Microsoft announced on November 15, 2023, that it was developing two custom chips designed to help with its in-house AI workload: the Azure Maia 100 AI Accelerator and the Azure Cobalt 100 CPU2. Microsoft appears happy with the early results from these chips. According to Microsoft corporate VP of hardware product development Wes McCullough, “We’re making the most efficient use of the transistors on the silicon. Multiply those efficiency gains in servers across all our data centers, it adds up to a pretty big number."

In the mobile arena, Google—which previously relied upon Qualcomm chips for its flagship Pixel phones—now uses its own silicon. The first of these Google custom silicon chips was 2021’s Pixel 6 line with the Tensor processor. As with notebook and data center chips, their goal is to bring more computing resources to bear at a lower cost in terms of power consumption, while opening up new capabilities. It appears Google is happy with its custom silicon performance so far. In 2023, Google announced its third-generation chip, the Tensor G3. The G3 can run over twice the machine learning models on-device as the first-generation Tensor chip, and the models themselves have become more sophisticated.

In both Google and Microsoft’s cases, the story is a bit different than Apple’s proprietary approach. The two Microsoft devices (Maia/Cobalt) are meant entirely for in-house use. On the other hand, Google uses custom chips to set apart its Pixel line of smartphones but still very much supports non-Google silicon through its manufacturer-agnostic Android operating system.

One might posit that the methodologies of Microsoft and Google will mean less prominent ecosystem-wide gains than Apple’s approach. However, if history is any guide, Android/Microsoft will likely provide more flexibility for the end-user. There are tradeoffs either way.


0224-Man-creating-custom-chips

Custom ASIC: allowing GPU-like performance on the edge?

Up to now, custom silicon has offered an incremental improvement over the non-custom silicon equivalent. There are genuine benefits, but an Intel or Qualcomm mobile processor is nominally capable of doing the same job as an Apple Ax or Google Tensor chip, even if it’s not perfectly optimized for the task.
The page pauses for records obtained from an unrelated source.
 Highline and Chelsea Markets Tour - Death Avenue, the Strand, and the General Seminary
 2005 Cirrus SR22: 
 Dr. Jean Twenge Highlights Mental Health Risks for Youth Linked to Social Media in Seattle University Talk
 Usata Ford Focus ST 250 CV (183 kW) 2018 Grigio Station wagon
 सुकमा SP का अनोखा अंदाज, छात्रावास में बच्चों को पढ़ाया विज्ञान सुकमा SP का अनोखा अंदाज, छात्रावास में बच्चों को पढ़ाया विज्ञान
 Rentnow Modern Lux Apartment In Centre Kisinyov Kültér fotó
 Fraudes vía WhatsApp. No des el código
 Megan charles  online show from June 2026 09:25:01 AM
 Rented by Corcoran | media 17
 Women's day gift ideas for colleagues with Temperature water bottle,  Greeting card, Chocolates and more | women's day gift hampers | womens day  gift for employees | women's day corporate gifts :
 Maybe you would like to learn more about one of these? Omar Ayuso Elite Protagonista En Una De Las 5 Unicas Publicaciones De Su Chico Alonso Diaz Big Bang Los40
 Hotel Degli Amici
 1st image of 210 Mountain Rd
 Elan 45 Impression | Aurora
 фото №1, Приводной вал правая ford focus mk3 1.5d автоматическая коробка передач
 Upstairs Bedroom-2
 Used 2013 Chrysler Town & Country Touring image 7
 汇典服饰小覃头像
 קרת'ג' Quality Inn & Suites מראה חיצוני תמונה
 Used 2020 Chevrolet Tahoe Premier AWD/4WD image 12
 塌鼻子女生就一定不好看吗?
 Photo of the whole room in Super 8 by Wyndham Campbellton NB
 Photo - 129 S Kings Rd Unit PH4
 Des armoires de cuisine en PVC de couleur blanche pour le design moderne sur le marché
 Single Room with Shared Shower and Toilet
In many robotics and edge AI applications, it’s impractical to implement a standard CPU/GPU processing setup from a power, space, and/or price standpoint. An alternative could be to use an application-specific integrated circuit, or ASIC.

As the name implies, these chips are designed for a specific purpose, such as image processing or inference. Contrast that with custom SoCs like the Google Tensor, which are designed to work with specific types of hardware and processing tasks but are suitable for many individual applications. The ultra-focused ASIC paradigm means that even greater performance and power efficiency gains can be realized, at the cost of a limited processing scope.

Therefore, an ASIC chip should be able to do one specific job at a lower monetary and power cost than a more general-purpose processor. An ASIC chip enables machine learning and other expensive (in terms of monetary, power, and/or physical space) functionality in situations where it would otherwise be impractical. ASIC chip will not always be the proper solution, but it’s a possibility to consider.


Custom silicon: here to stay

While predicting computing’s long-term future is generally a fool’s errand, the trend toward custom silicon appears here to stay in the coming decade. The combination of performance gains with power efficiency is a huge win, and we will likely see more companies adopt this approach as end-users (e.g., Apple, Google), along with an expansion in the design space (e.g., eInfochips specializing in custom chips) to meet these new silicon needs.

The fabricators that physically make these chips must continue adapting, and with more functionality integrated into one chip, boards should become less complicated, less expensive, and more robust.